I've tried this out on a go_image being built on macOS Catalina, and it seems to work without requiring the --platforms flag.

Would a PR to make this change be the way to move forward, or is a transition not the thing to do here?

ajbouh commented 3 years ago

I'm excited for transitions to be part of rules_docker. It will simplify the creation of docker images and continue to strengthen the community.

I've been using a patch like this locally along with an experimental cross compiler toolchain to make it much easier to do hermetic builds for docker images. (https://github.com/ajbouh/bazel-zig-cc for the curious.)

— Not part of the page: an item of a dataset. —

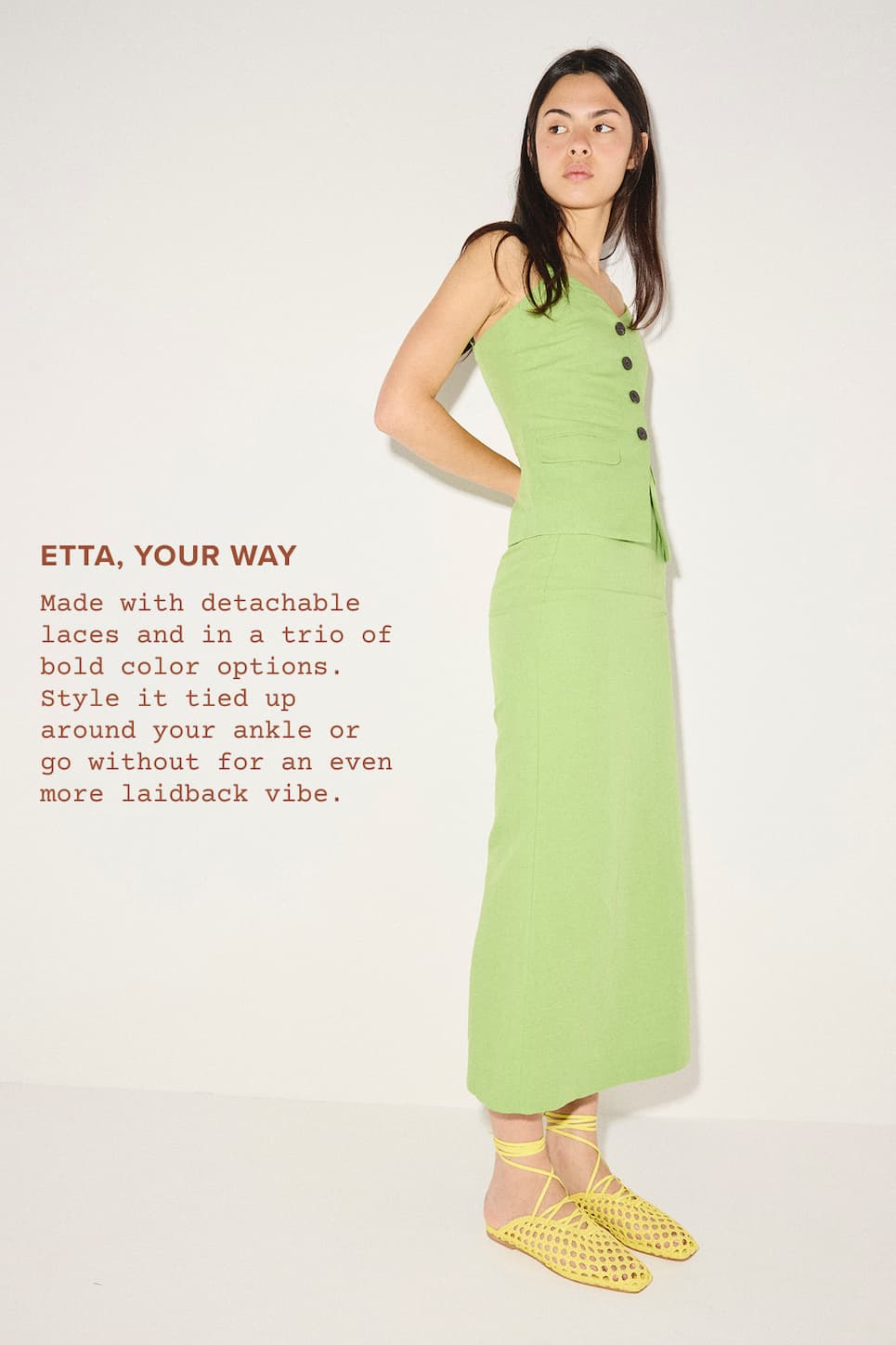 woman in green dress with neon yellow woven slides with ankle ties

I'm also using this approach to get proper cgo support for my go_image targets.

gravypod commented 2 years ago

Hey all. I don't currently have access to a mac to test these fixes so I wouldn't really feel comfortable putting together a PR for this. If someone sends one in I'd review it. We do have MacOS CI runners that could test this so if the suggestion in this comment works we should go for it.